--- Task goal ---
Copy out, unchanged, every line from the start of the records to the line that contains "3rd image of 163 Blue Hill Dr", and stop there.

--- The data ---
____

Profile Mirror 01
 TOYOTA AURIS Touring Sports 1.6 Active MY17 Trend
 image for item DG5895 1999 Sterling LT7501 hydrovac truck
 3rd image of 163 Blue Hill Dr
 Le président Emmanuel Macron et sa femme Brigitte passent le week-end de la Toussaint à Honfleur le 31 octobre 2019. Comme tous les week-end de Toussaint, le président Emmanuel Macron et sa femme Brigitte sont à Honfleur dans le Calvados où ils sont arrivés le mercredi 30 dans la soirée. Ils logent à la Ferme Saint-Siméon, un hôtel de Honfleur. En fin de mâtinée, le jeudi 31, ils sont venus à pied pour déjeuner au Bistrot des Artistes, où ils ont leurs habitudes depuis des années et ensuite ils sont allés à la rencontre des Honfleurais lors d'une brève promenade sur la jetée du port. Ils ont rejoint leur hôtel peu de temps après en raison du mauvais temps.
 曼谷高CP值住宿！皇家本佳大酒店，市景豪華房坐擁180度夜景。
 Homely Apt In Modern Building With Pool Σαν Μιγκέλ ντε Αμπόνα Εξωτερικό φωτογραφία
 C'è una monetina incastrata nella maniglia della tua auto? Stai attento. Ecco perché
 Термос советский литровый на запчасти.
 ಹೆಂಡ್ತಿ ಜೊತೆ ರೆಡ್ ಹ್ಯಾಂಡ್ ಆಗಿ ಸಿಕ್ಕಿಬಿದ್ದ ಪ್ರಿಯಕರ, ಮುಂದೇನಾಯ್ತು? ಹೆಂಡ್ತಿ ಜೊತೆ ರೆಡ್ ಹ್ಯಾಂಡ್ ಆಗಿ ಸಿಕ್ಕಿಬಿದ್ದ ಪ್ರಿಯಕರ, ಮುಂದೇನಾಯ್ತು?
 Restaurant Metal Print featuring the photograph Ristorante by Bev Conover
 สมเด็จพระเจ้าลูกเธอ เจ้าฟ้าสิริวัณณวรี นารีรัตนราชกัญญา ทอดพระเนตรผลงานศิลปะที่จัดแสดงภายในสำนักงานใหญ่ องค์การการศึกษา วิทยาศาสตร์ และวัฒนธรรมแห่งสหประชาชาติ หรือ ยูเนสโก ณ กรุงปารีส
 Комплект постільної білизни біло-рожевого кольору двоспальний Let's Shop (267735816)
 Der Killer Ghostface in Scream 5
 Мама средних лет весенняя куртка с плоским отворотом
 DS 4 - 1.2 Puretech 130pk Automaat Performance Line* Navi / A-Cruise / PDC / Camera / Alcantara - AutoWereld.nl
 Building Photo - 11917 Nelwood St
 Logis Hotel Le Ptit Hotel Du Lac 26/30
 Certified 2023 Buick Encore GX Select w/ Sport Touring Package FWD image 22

____

--- Response for this exercise ---
Profile Mirror 01
 TOYOTA AURIS Touring Sports 1.6 Active MY17 Trend
 image for item DG5895 1999 Sterling LT7501 hydrovac truck
 3rd image of 163 Blue Hill Dr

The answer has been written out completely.